McDermott reached the FA Cup Final in 1974 against Liverpool. However, Newcastle lost the match 3-0.


Liverpool boss Bob Paisley, in his first season in charge after replacing Bill Shankly, brought McDermott to Merseyside in November 1974. McDermott made his Liverpool debut on 16 November, as did Phil Neal, in a Merseyside derby against Everton at Goodison Park. Neither side could break the deadlock with both sides sharing the points. McDermott's first goal came in a 1-1 league draw with Burnley at Turf Moor on 8 March 1975.

For the next two years, McDermott struggled to get into the team or hold down a place once given his chance. Liverpool won the League championship and the UEFA Cup in the 1975-76 season but McDermott did not play in enough matches to pick up a League medal, although he was in the squad which won in Europe. Speculation mounted that he would move on in the summer of 1976, but instead he stayed at Anfield and became an integral part of the following season's triumphs.

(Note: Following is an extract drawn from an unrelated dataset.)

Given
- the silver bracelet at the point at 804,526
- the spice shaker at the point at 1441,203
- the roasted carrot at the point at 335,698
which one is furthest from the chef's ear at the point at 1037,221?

McDermott was a fixture in the 1977 side that retained the title. Meanwhile, his goal against Everton in the semi-final of the FA Cup, a turn and chip from the edge of the penalty area, was voted the 'Goal of the Season' by the BBC.[1] That game finished 2-2, with Liverpool winning the replay. A subsequent success in a European Cup semi-final meant that Liverpool had reached the finals of both the FA Cup and European Cup, which were scheduled to be played respectively at Wembley and at Rome's Stadio Olimpico within four days of each other in May 1977. However, Liverpool were defeated in the FA Cup Final by Manchester United, which ended their "treble" dream.[2] There was joy for McDermott four days later, though, when he opened the scoring in the European Cup Final against Borussia Mönchengladbach as Liverpool won 3-1.[3]

On 6 December 1977, he scored a hat-trick in the second leg of Liverpool's victory over Hamburg in the UEFA Super Cup Final.[4]

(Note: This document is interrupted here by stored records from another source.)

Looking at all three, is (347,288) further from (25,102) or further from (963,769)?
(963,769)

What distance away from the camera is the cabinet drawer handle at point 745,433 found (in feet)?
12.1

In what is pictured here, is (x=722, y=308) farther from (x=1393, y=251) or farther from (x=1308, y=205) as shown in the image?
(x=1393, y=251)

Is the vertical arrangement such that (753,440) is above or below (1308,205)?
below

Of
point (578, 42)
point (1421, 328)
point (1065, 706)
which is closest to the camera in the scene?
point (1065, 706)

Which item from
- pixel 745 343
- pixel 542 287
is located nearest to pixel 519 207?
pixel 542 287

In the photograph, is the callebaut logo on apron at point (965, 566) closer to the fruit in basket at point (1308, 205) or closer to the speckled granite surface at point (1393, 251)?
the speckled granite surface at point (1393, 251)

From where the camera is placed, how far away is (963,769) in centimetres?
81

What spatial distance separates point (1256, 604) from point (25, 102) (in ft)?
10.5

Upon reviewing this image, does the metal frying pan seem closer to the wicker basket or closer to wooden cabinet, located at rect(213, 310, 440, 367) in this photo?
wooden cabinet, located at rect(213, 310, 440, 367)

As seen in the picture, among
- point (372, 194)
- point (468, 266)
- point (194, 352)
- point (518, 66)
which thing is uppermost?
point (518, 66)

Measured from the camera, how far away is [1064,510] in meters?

Liverpool reached their first League Cup final in 1978 and this occasion was to prove memorable for McDermott for the wrong reasons. The first game at Wembley against Nottingham Forest ended goalless, but McDermott had a goal disallowed after the officials decided that Kenny Dalglish was in an offside position when McDermott struck his shot. In the replay at Old Trafford, after Forest had opened the scoring with a hotly disputed penalty, McDermott scored what he thought was the equaliser with a well-struck drive, only for the officials to deny him again, claiming he had controlled the pass with his arm. Forest held on to win 1-0 and McDermott offered to swear on oath in an after-match interview that he had trapped the ball legally with his chest.

Consolation at missing out on the League Cup was found at the end of the season when McDermott featured in the Liverpool team which retained the European Cup thanks to a 1-0 win over Club Brugge at Wembley.[5]

The following season, McDermott scored one of Liverpool's most memorable goals.[6] It came at Anfield in a League match against Tottenham Hotspur on 2 September 1978. Liverpool were defending a corner which was cleared from their own penalty area to striker David Johnson, who hit a long pass to the sprinting winger Steve Heighway on the left flank as McDermott started to chase forward. Within just a few seconds, the ball was in the Spurs net as Heighway raced down the line and crossed the ball, without stopping to control it, for McDermott to head home after a 70-yard run. This was the final goal in a 7-0 win.

By the end of that season, McDermott and Liverpool were champions again and they retained the title in 1980, with McDermott being voted the PFA Players' Player of the Year and the FWA Footballer of the Year - the first player to win both awards in the same season.[7] He scored another memorable goal against Tottenham that season, this time in the FA Cup at White Hart Lane, when he took a misplaced pass from Osvaldo Ardiles on the right hand corner of the penalty area, flicked the ball into the air and hit a lob-volley into the far corner of the goal.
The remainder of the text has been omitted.